Task instructions ▸
Quote only the lines that start at the line with "J's Small Batch Lime Inna Coconut" and run to the end of the entries; omit the pictures.

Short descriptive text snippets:

= Beginning of Section =

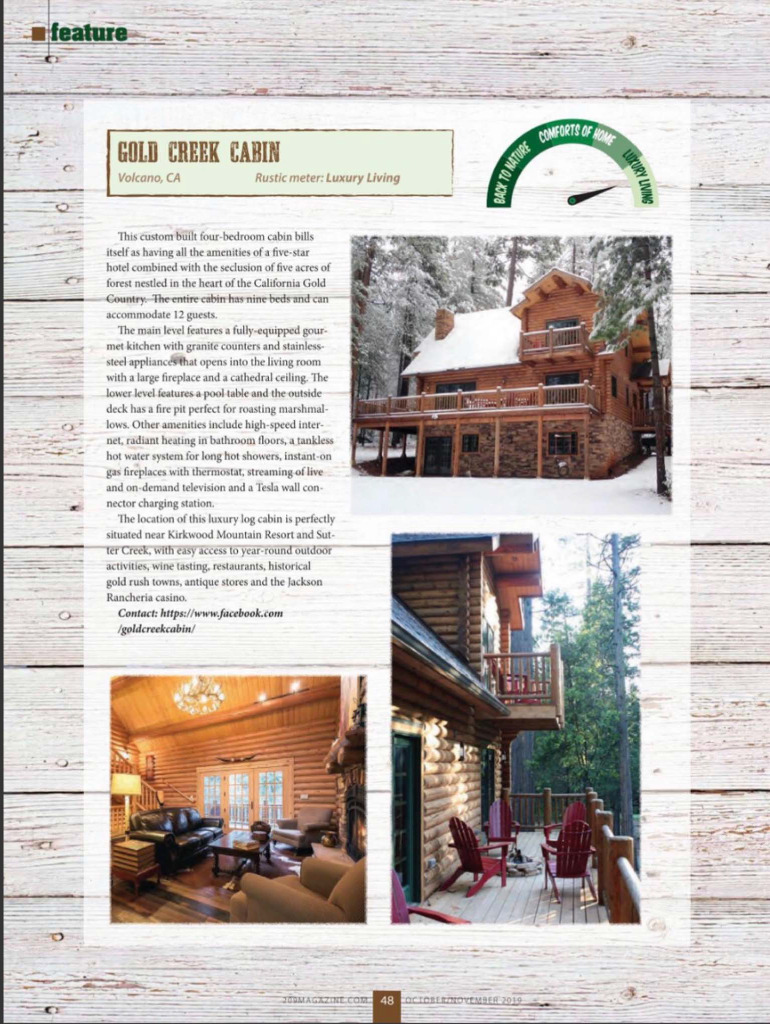 Featured in 209 Magazine - Oct/Nov 2019 Issue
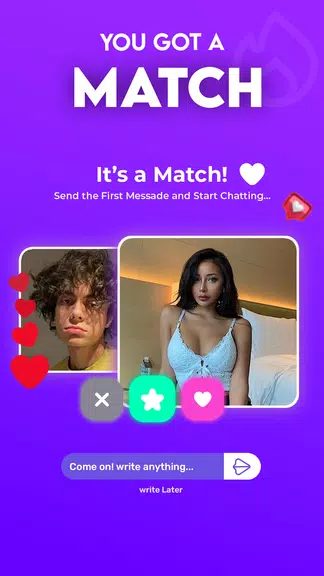 Schermata DateUp - Dating Apps. Hookup. 1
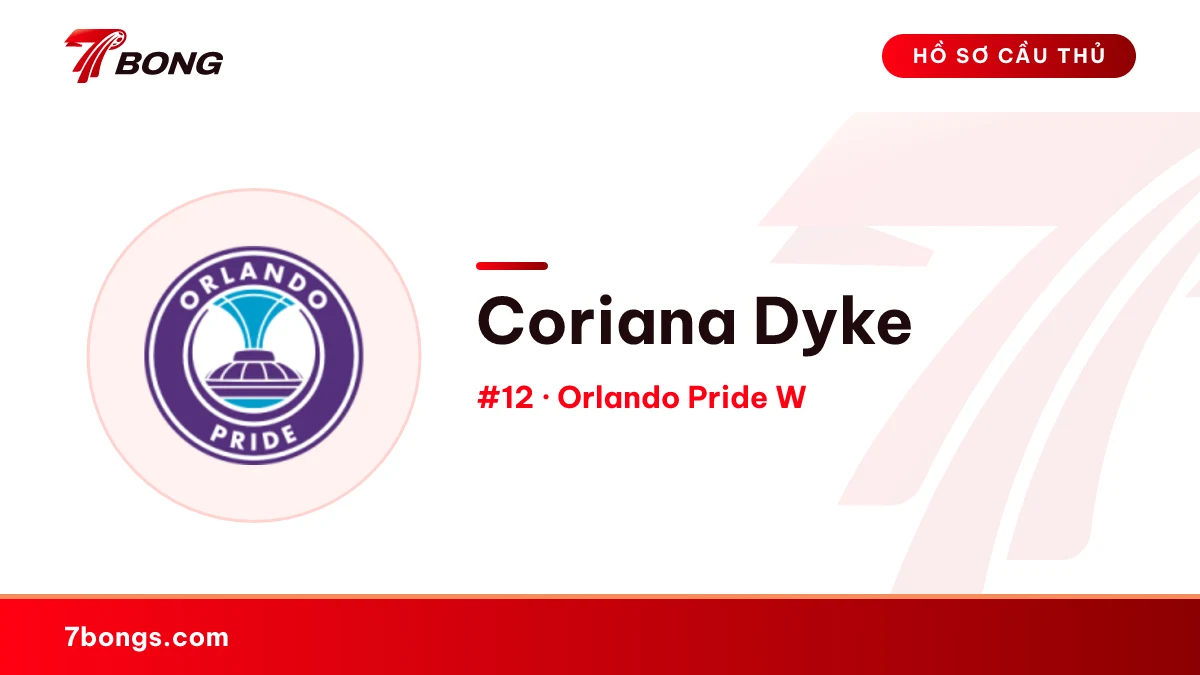Coriana Dyke — Orlando Pride W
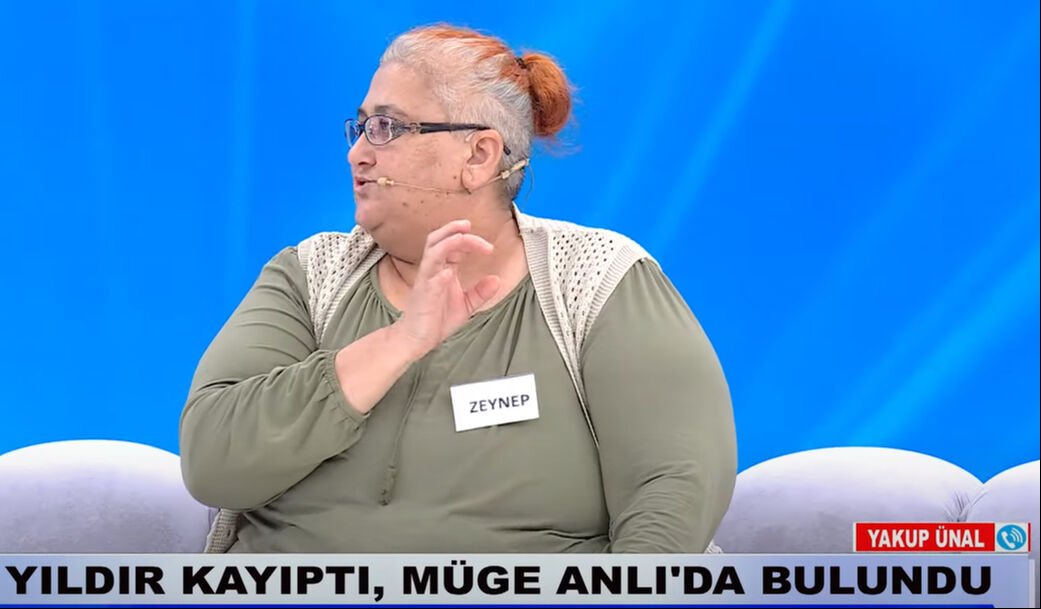 Müge Anlı canlı yayında çilden çıktı! "Sen popstar mısın" - 3. Resim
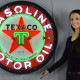 TEXACO Motor Oil Neon Sign TEXACO Motor Oil Neon Sign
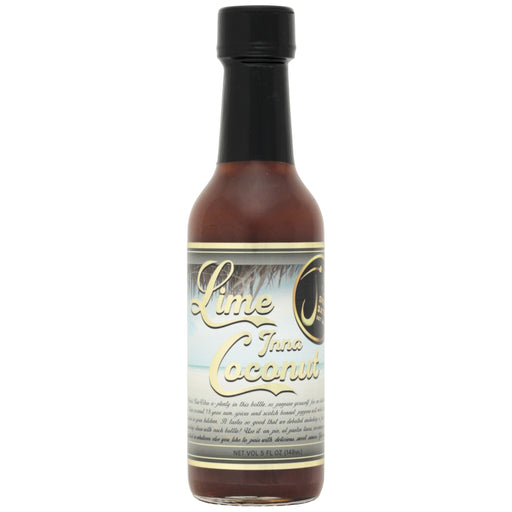 J's Small Batch Lime Inna Coconut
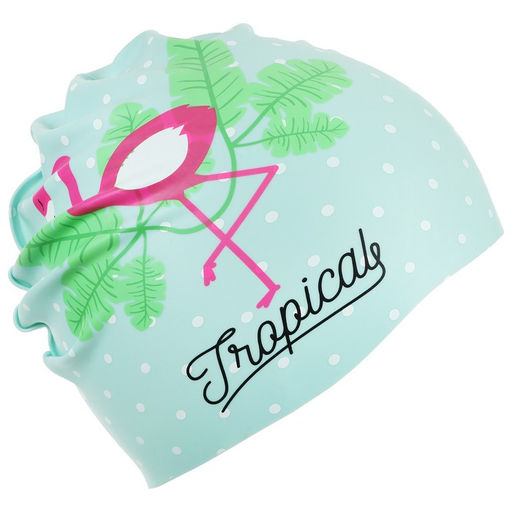 Шапочка для плавания детская ONLITOP, силиконовая, обхват 46-52 см  фото 4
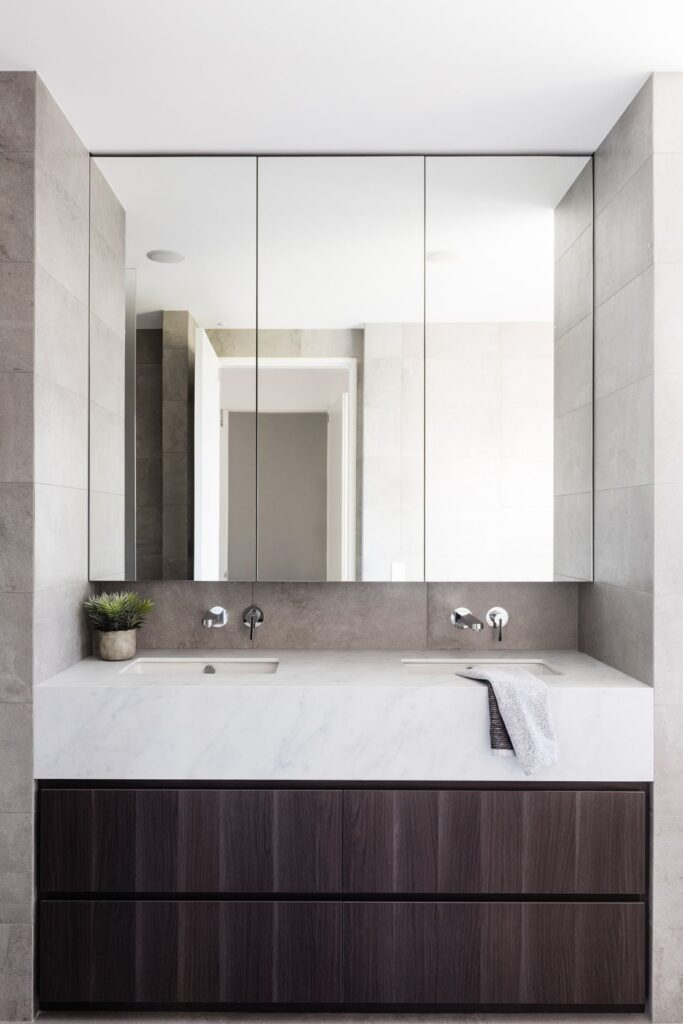 Lindfield residence interior designed bathroom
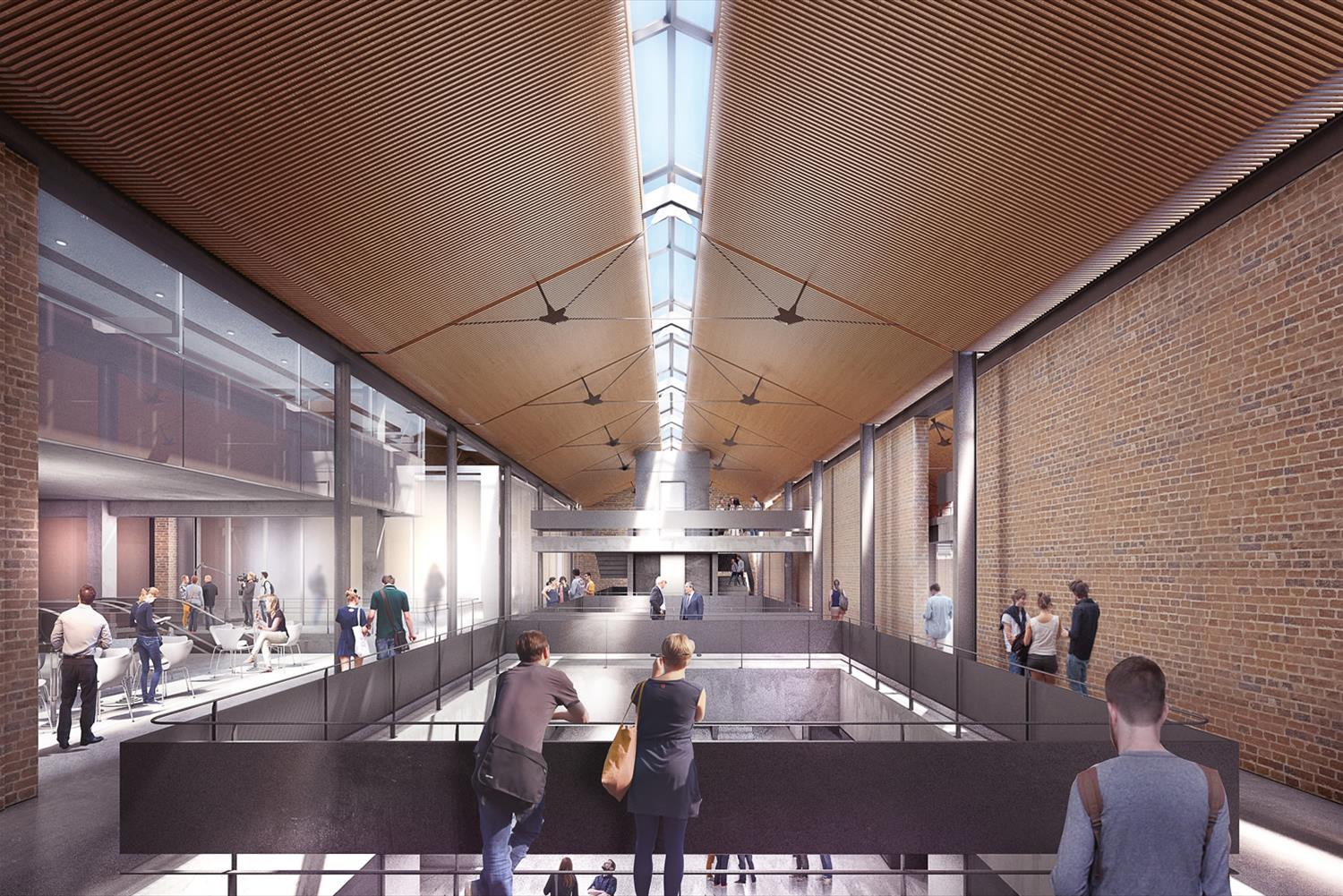 巴西 FAM 学院 · 融入历史环境的现代教育中心-6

= End of Section =

Answer section ▸
 J's Small Batch Lime Inna Coconut
 Шапочка для плавания детская ONLITOP, силиконовая, обхват 46-52 см  фото 4
 Lindfield residence interior designed bathroom
 巴西 FAM 学院 · 融入历史环境的现代教育中心-6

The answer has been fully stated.